The type of display could be flat and stationary, mobile or flexible. Ideally, even though miniature Peltier elements would be the best choice for any display, in some cases due to ease of integration, larger Peltier elements are suggested. However, this selection can be extrapolated into any type of Peltier element available in the market since, here, we only use the Peltier elements that were used in this research as a guide.

  • Pixel size

If the user decide to use a Peltier other than a miniature Peltier element, the pixel size could be the main factor to determine the selection of the Peltier element. Other than for mobile displays, larger Peltier elements, according to their size, are suitable for flat and stationary displays. As we have demonstrated in our prototypes, the use of Peltier size can be dependent on the kind of image the user wishes to animate.

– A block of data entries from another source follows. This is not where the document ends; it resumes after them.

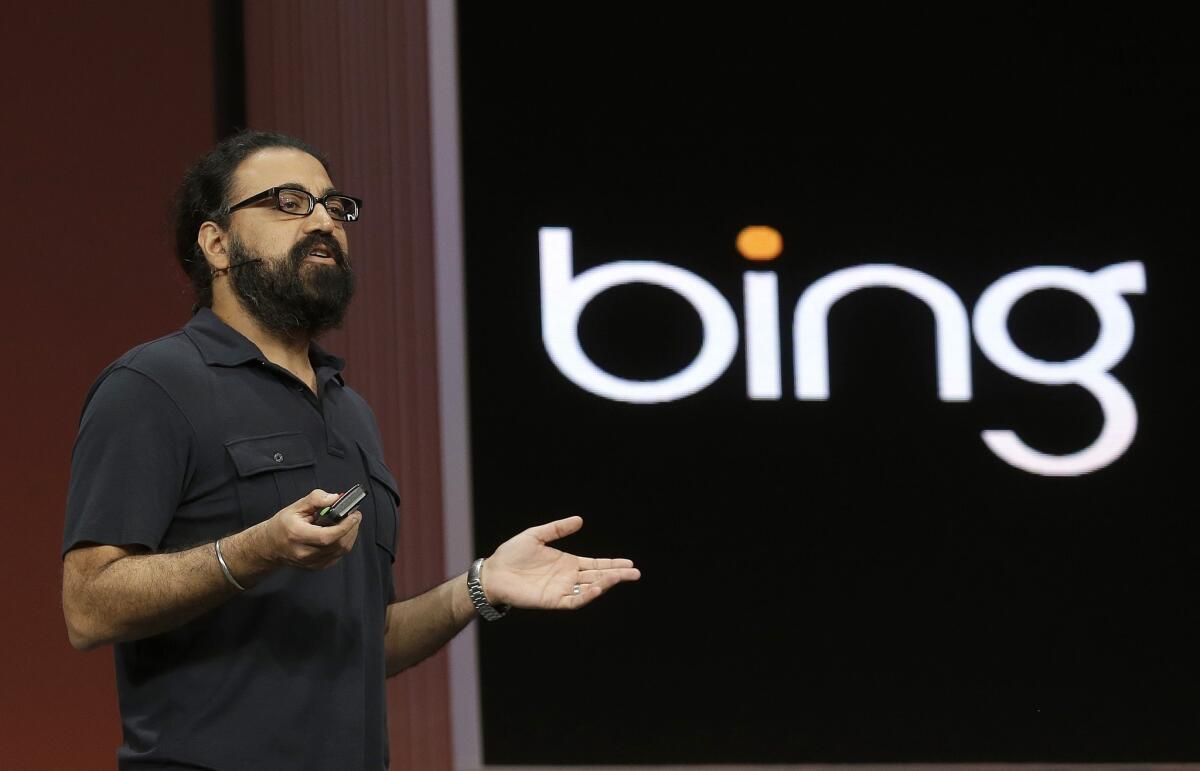 Microsoft executive Gurdeep Singh Pall speaks at an event in June. Searches made through Bing for Schools will have limited tracking features and will not include links to adult content.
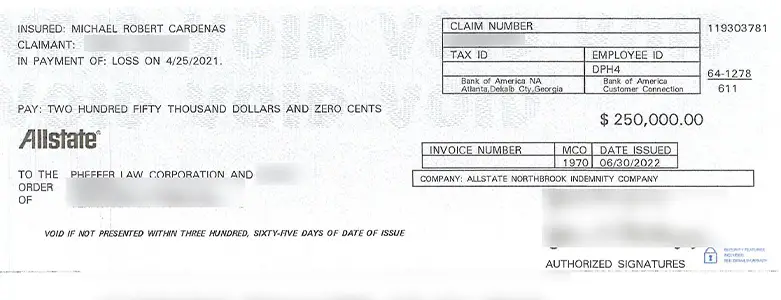 Client Settlement Check for $250,000.00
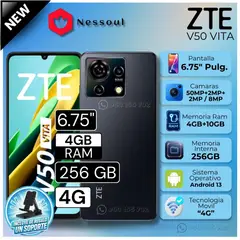 ZTE - Celular V50 Vita 6.75" Pulg. 4GB RAM 256GB Android 13 + Regalo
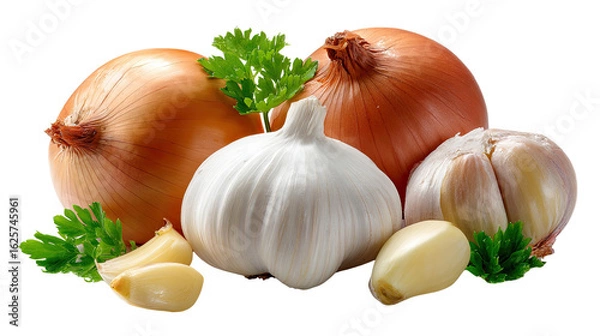 Fototapeta Fresh Onion and Garlic: A vibrant culinary arrangement of whole onions and fresh garlic, complemented by delicate sprigs, perfect for visual appeal, ready to season the best meals.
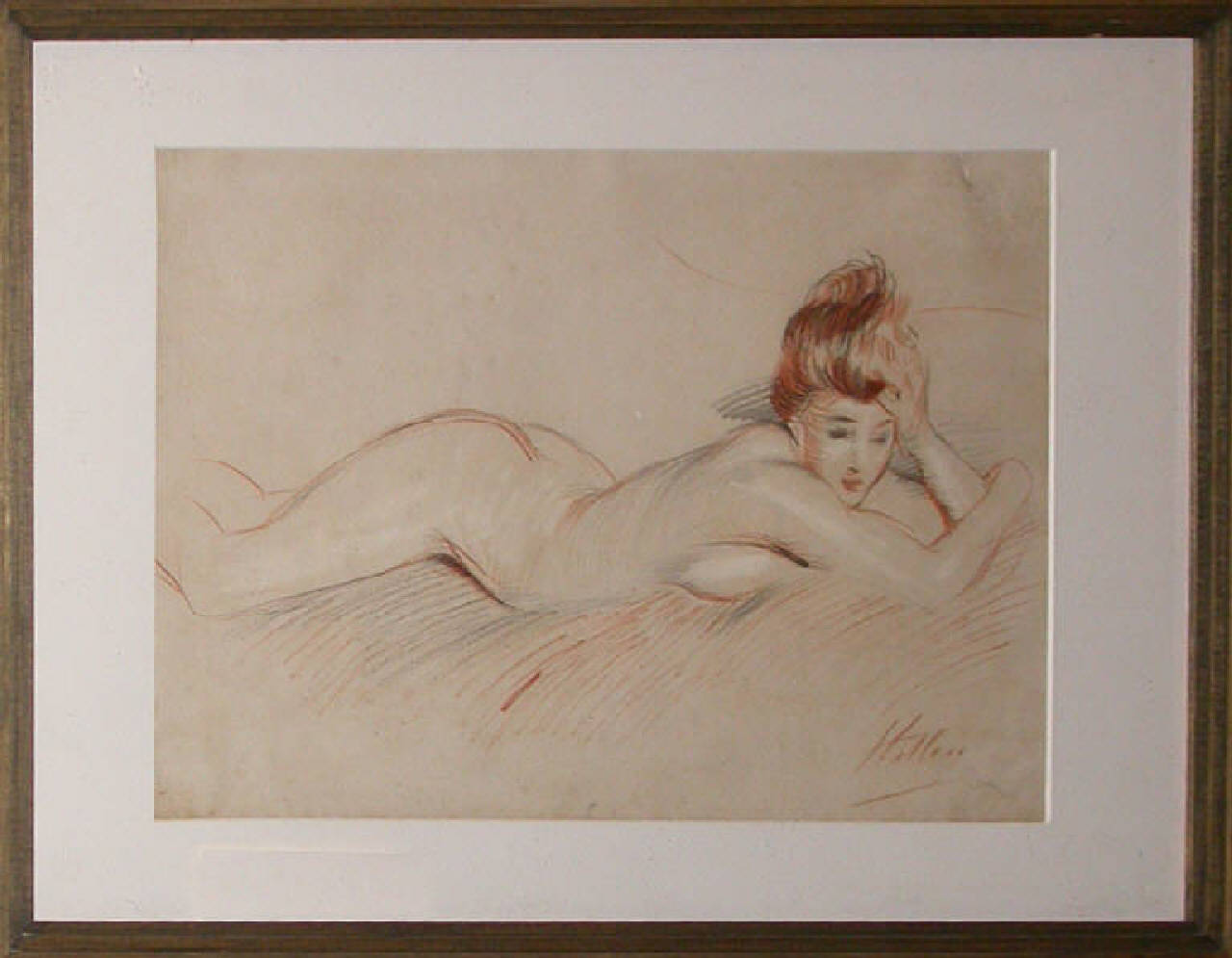 Femme couchée, donna sdraiata (disegno) di Helleu Paul-César (secc. XIX/ XX)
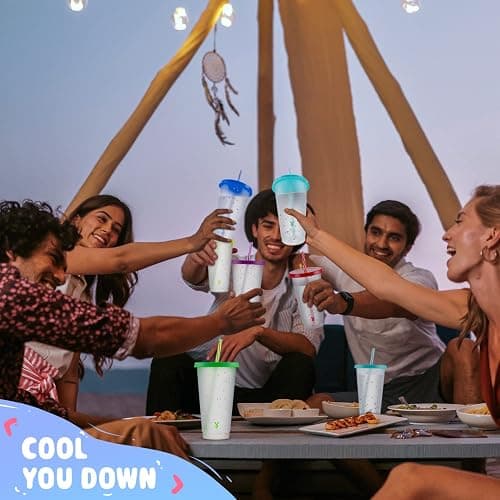 Meoky Confetti Color Changing Cups with Lids and Straws for Iced Coffee, Party, Pool - 12 Pack 24oz Reusable Plastic Tumblers for Kids and Adults thumbnail 7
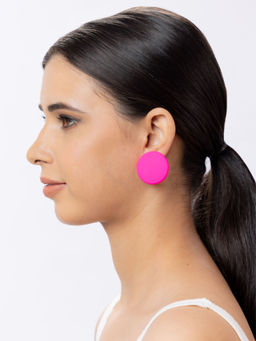 Niscka - Pink Fashionable Huge Stud Earrings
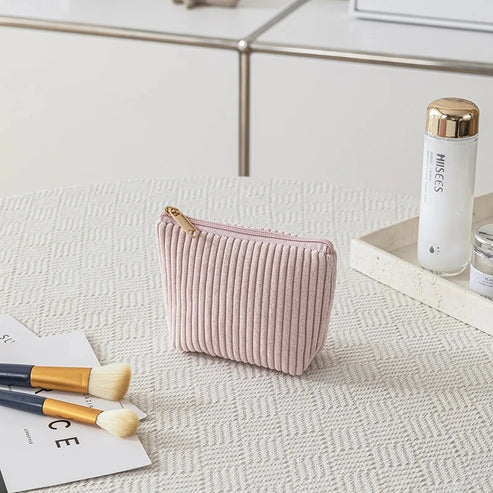 Plush Plaid Makeup Bag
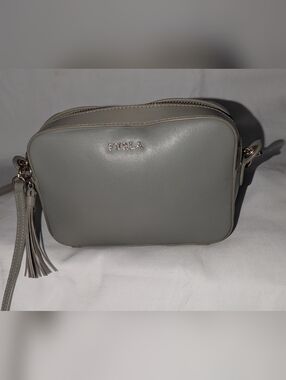 Furla Small Grey Leather Camera Crossbody with Tassel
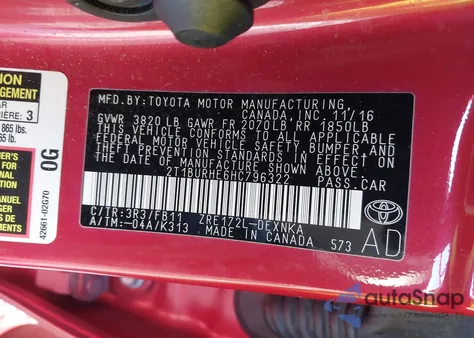 2017 Toyota Corolla Le из США, поврежденный, VIN 2T1BURHE6HC796322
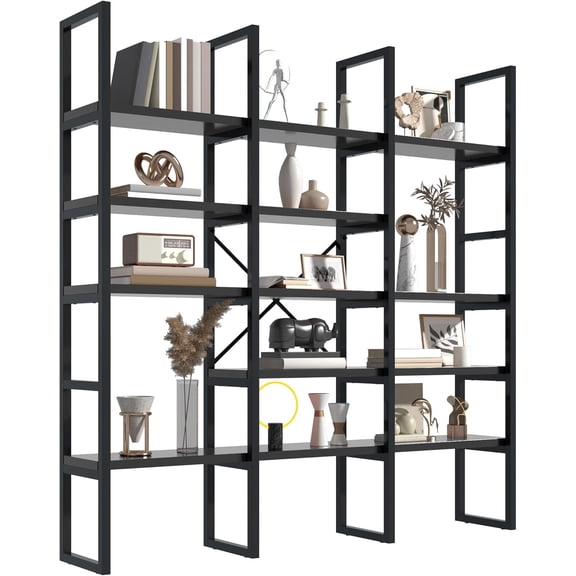 Jehiatek Large Bookshelf 5 Tiers, Triple Wide Geometric Bookcase, 71 Inches Tall Industrial Book Shelves Etagere Book Case, Sturdy Metal Frame, Freestanding Display Shelving Unit, Black
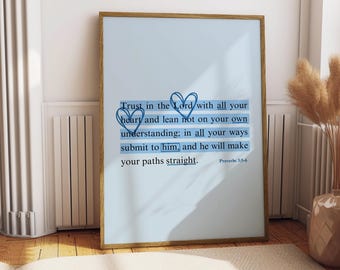 Blue Scripture Wall Art: Christian Bible Verse Print (Digital Print)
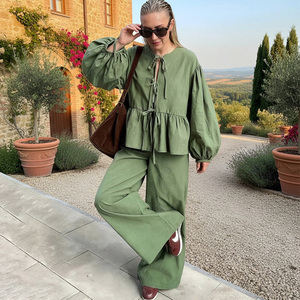 Women's Green <b>Linen</b> 2-Piece Set Long Sleeve O-Neck <b>Top</b> With Ruffles Loose Fit Wide Leg Pants Casual Spring Summer Outfit - Product Image 1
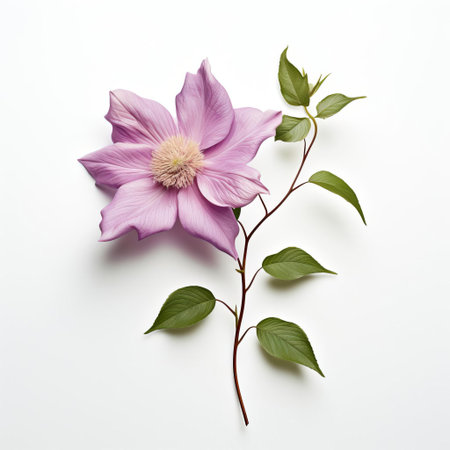 the delicate clematis flower takes center stage in this serene photograph, its soft pink petals and tender stems beautifully contrasting against a crisp white background, evoking a sense of simplicity and elegance, perfect for nature lovers and fans of minimalist floral arrangements. ai generatedの素材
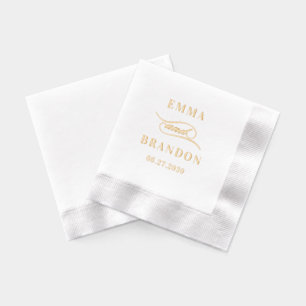 Poetic Script Foil Wedding Napkins Simple Elegant
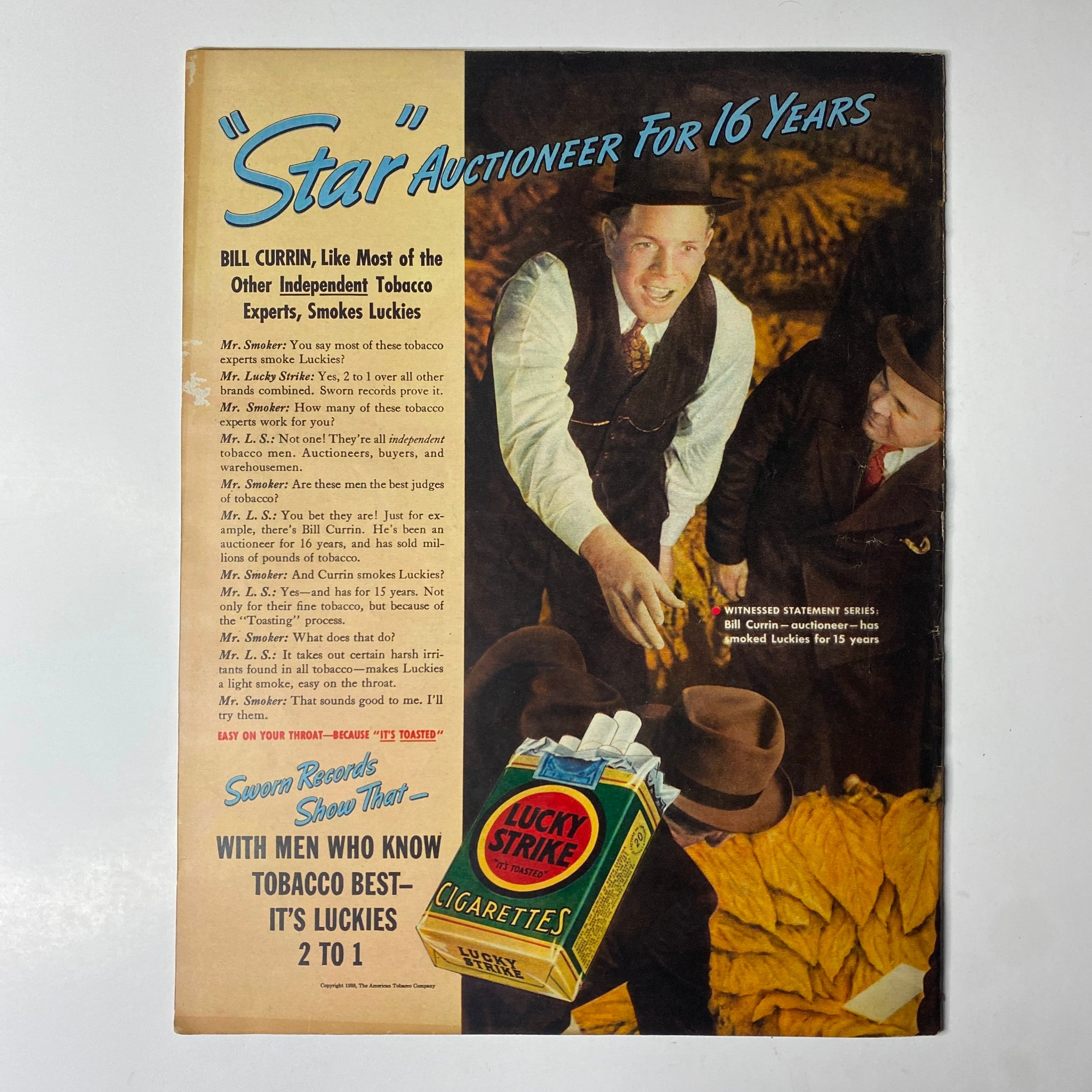 Vintage advertisement for Lucky Strike cigarettes featuring a man in a suit and hat showcasing tobacco leaves. The ad is designating Lucky Strike as the preferred choice for tobacco experts, with the tagline 'Star Auctioneer for 16 Years'. The image relates to the historic title 'Look Magazine December 6, 1938 Franklin D. Roosevelt Cover No Label'.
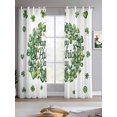 thumbnail image 2 of St Patrick's Day Sheer Curtains 63 Inch Length 2 Panels Set for Living Room/Bedroom, Green Lucky Shamrock Wreath Spring Vintage Kitchen Curtains Grommet Curtains Window Treatments 42"x63"x2, 2 of 7
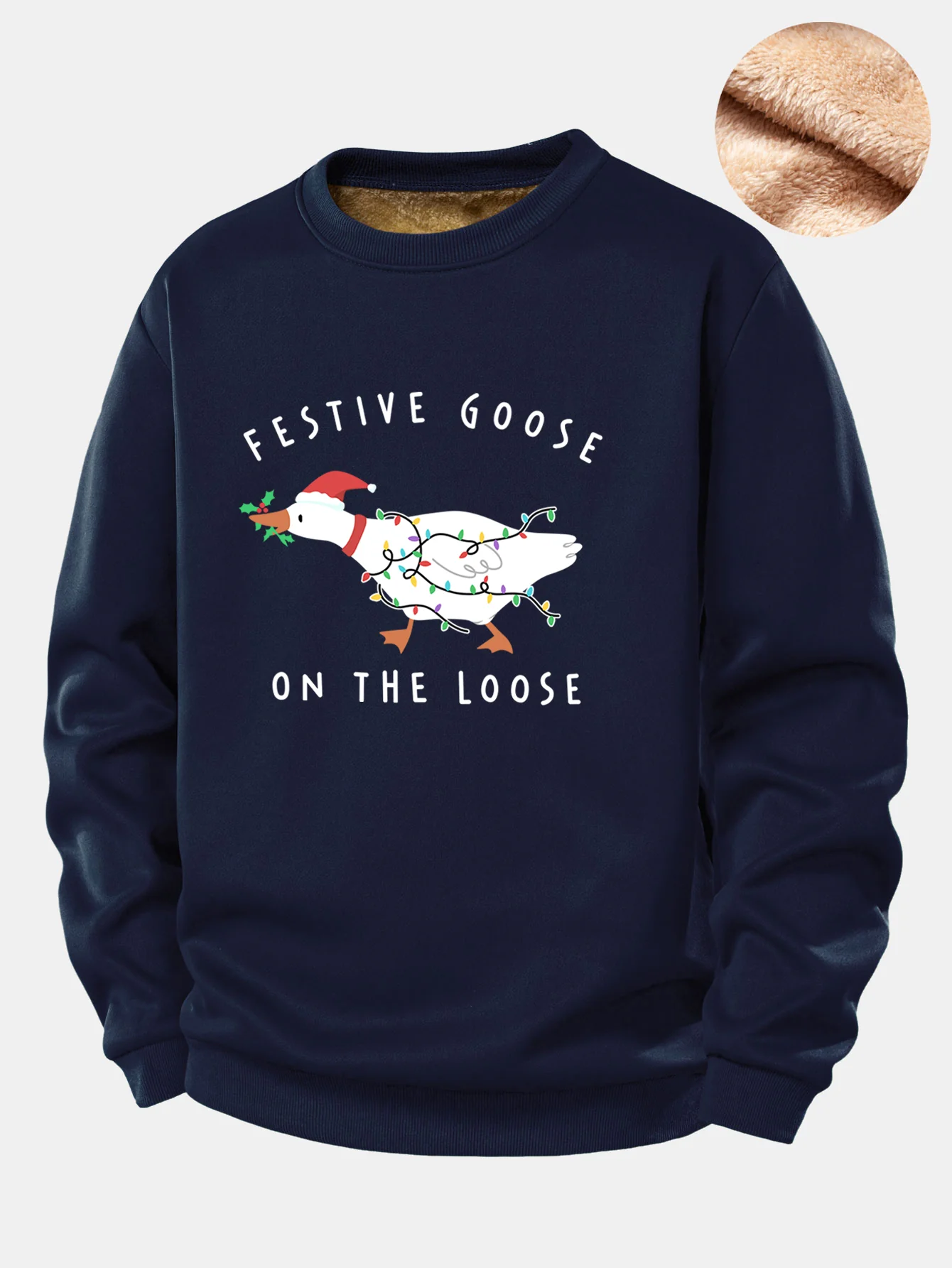 Christmas Goose Print Teddy Fleece Lined Sweatshirt - Image 5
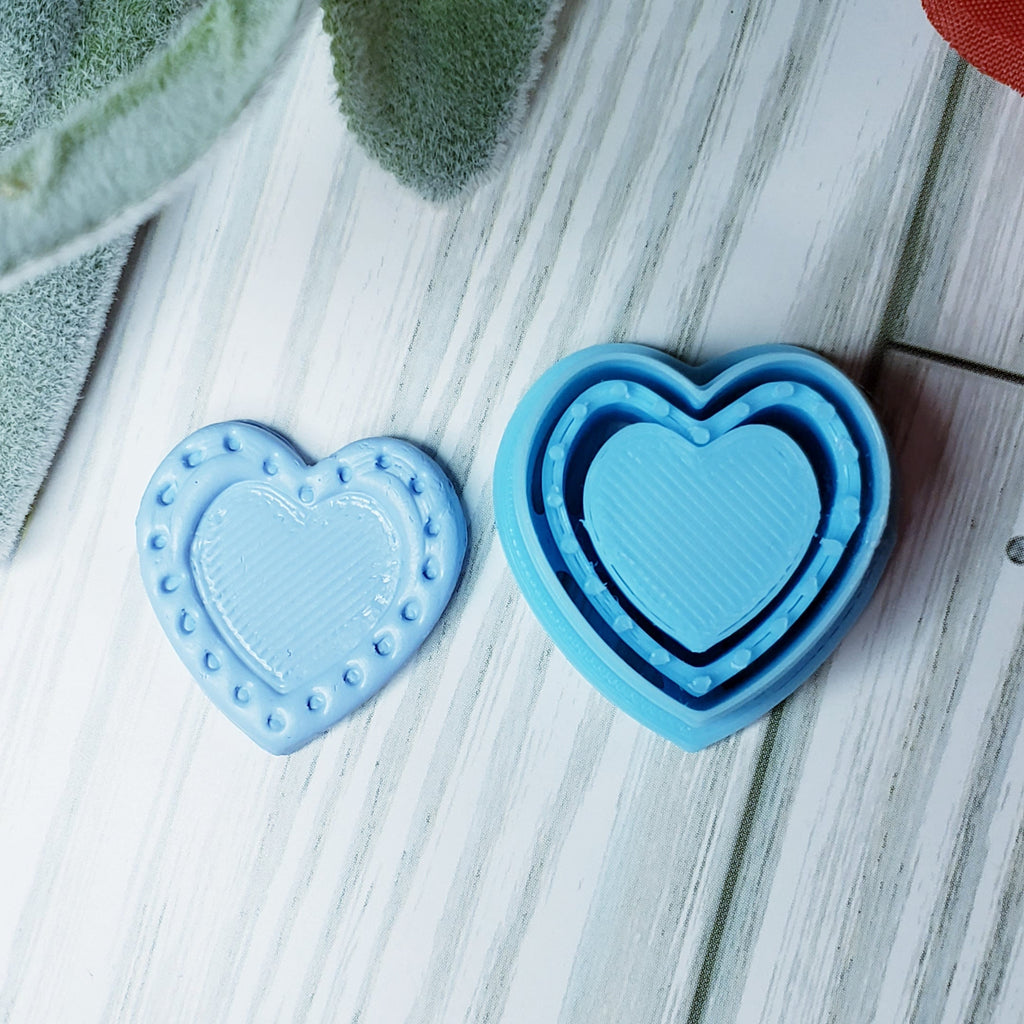 STUDDED HEART style 2 polymer clay cutter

5.7.3 Circuit and Firmware

This step is mainly dependant on the selected temperature range of the thermochromic inks and the selected Peltier elements.

  • Circuit design

The basic circuit design for a single Peltier element is as described in Sect. 5.3.1.3. For multiple Peltier elements, this circuit can be repeated. The main factors in this step is the determination of the parameters of the MOSFET modules. Based on the parameters of the selected Peltier module, the maximum current required per module can be identified. Using these data, the MOSFET modules can be selected such that the maximum current of the Peltier module is less than the maximum drain current rating of the MOSFET module.

  • Firmware design

Upon the design of the circuit, the firmware for the PID controller can be programmed as explained in Sect. 5.3.1.4.

5.7.4 Integration

The basic integration layout is as described in Sect. 5.3.1.5. The key element here is making sure of efficient heat transfer through all the layers from the Peltier element to the fabric. In addition, careful attention must be paid to placing the temperature sensor on the Peltier element. The sensor must be placed directly on the surface of the Peltier element be covered by copper-adhesive tape.

5.8 Conclusion

The development of non-light-emissive textile displays introduces a plethora of design and technical parameters such as colors, activation temperature ranges, and power requirements as seen through this work. However, above all, the technology has an immense potential as a ubiquitous display as it can blend with many other technologies as well as crafts. The presented design methodology briefly summarizes and discusses the guidelines for implementing non-light-emissive textile displays. This methodology carefully details all the factors that should be taken into consideration during the process as experienced by the authors. As such, we envision this technology can be utilized by any practitioners in the future to implement novel ubiquitous textile displays.

Summary

This chapter discusses a non-emissive textile display system. The current implementation of the system consists of thermochromic inks, Peltier semiconductor elements, and a fine-tuned PI controller system. We present a detailed technical analysis of this system and its results. With this integration of technology, the controller is able to control the color of the fabric accurately and with a fast heating or cooling rate. Many ubiquitous fabric display prototypes and applications of the system are presented. These demonstrate the ubiquity of our system and its seamless integratability to our environment. As such our main contributions are as follows:

  • Detailed implementation components of the system.

  • A comprehensive technical analysis of the system.

  • Wide range of prototypes and diverse applications that demonstrates the system’s usability in real life.

  • A step-by-step design methodology for implementing a non-emissive textile display system.

Due to the calm and subtle nature of this animated fabric display, we envision that this non-emissive textile display system will be able to breathe life into the textiles of the future.